Think grilled cheese. Minus the cheese. Plus banana and peanut butter. Intriguing, no? I can’t say I had ever had one before, but all of a sudden I got this craving. It was one of those ‘I have to leave the house immediately to go buy a loaf of pain de mie because no other bread will do’ moments. You may be thinking, what the heck is pain de mie? It’s basically the French version of white sandwich bread. A tad more tasty, but infinitely more aesthetically pleasing. That’s what I imagined my grilled peanut butter banana sandwich on. Now, if you also have some strange desire to make a special trip to buy pain de mie, check your local bakery. Clear Flour in Boston has it on a regular basis and everything they make gets an A+ in my book. Or just use a white sandwich bread. No need to venture out to a specialty store if you don’t have time because let’s be honest, peanut butter and banana really goes well on any bread.
So there was the grilled peanut butter and banana sandwich thing. And then I wanted cinnamon sugar butter on it. Getting a little demanding, now aren’t we. I used to buy it at the grocery store and slather it on cinnamon bread for a hearty breakfast. Now, if you don’t feel like going the homemade route, I have seen a Land O’Lakes version and you can usually find something of the sort in Whole Foods.
grilled peanut butter banana sandwich
for the cinnamon sugar butter:
1 stick (½ cup) unsalted butter, at room temperature
2 tsp cinnamon
1¼ tsp sugar
pinch of salt
for the sandwiches:
4 pieces pain de mie, or white bread
3 tbsp peanut butter
2 bananas, sliced
Meet pain de mie. It’s really just the French version of white sandwich bread. But it looks so much prettier than American sandwich loaves, doesn’t it? So if you feel inclined to venture out to a local bakery, give pain de mie a chance. Otherwise, any other white sandwich bread will certainly do! I just like the look of it, but really taste wise, not a world’s difference.
To make the cinnamon sugar butter, combine the room temperature butter, cinnamon, sugar and pinch of salt together in a bowl. Either using a spatula or whisk, stir until the butter is all one light brown color.

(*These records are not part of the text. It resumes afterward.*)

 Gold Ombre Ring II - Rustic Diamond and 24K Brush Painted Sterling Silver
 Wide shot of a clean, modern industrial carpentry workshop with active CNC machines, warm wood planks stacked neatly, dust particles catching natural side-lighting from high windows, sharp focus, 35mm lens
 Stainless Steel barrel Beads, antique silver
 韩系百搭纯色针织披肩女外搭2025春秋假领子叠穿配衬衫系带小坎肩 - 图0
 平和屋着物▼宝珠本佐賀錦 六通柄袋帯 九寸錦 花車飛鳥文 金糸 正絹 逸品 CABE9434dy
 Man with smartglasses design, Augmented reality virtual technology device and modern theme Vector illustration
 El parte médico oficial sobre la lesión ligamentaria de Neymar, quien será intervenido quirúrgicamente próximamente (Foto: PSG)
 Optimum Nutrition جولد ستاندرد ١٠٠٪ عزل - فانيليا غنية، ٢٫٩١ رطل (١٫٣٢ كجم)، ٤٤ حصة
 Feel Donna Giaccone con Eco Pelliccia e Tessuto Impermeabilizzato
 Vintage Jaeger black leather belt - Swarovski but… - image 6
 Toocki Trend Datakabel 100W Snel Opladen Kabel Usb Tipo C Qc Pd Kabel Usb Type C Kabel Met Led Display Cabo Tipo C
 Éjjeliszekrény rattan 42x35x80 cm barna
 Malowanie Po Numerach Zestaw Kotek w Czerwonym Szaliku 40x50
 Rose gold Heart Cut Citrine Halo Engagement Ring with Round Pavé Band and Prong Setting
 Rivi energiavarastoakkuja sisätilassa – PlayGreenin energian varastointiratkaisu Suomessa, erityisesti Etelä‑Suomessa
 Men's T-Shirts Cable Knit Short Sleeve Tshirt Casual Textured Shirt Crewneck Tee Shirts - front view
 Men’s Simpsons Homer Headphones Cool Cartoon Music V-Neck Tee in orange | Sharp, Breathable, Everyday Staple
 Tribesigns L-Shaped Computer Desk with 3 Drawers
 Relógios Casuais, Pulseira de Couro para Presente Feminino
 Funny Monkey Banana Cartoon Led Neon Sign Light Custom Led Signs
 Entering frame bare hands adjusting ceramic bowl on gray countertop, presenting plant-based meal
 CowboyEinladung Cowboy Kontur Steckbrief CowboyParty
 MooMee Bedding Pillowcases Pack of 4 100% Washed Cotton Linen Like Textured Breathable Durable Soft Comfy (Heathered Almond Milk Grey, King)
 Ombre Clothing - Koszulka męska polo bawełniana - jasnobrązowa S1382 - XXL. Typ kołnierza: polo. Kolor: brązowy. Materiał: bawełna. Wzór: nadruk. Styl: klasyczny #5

To make the sandwiches, spread about 1½ tablespoons of peanut butter on one piece of bread and about 1½ tablespoons of the cinnamon sugar butter on the other piece. Just make sure you spread enough of each on to cover each.
Cut two bananas so that you have 24 slices that are about ¼ to ½-inch thick. Arrange them in 4 rows going horizontally across. Or however you want, I just try and fit as much banana on there as possible…and make it look pretty.
Coat a fry pan with non-stick spray. Place the piece of bread without the bananas on top of the one with the bananas and spread another 1½ tablespoons of the cinnamon sugar on the top of the piece of bread facing up. Place that side down on the fry pan at medium heat and spread the other side also with 1½ tablespoons of the cinnamon sugar butter. Watch the pan carefully to make sure the bread doesn’t get too brown with the cinnamon sugar butter coating.
Remove the sandwich from the fry pan, cut it and half and eat up. This also probably goes without saying, but these guys are best when eaten right away. I tried throwing one in a sandwich bag for lunch. Not recommended unless you dig the soggy sandwich thing.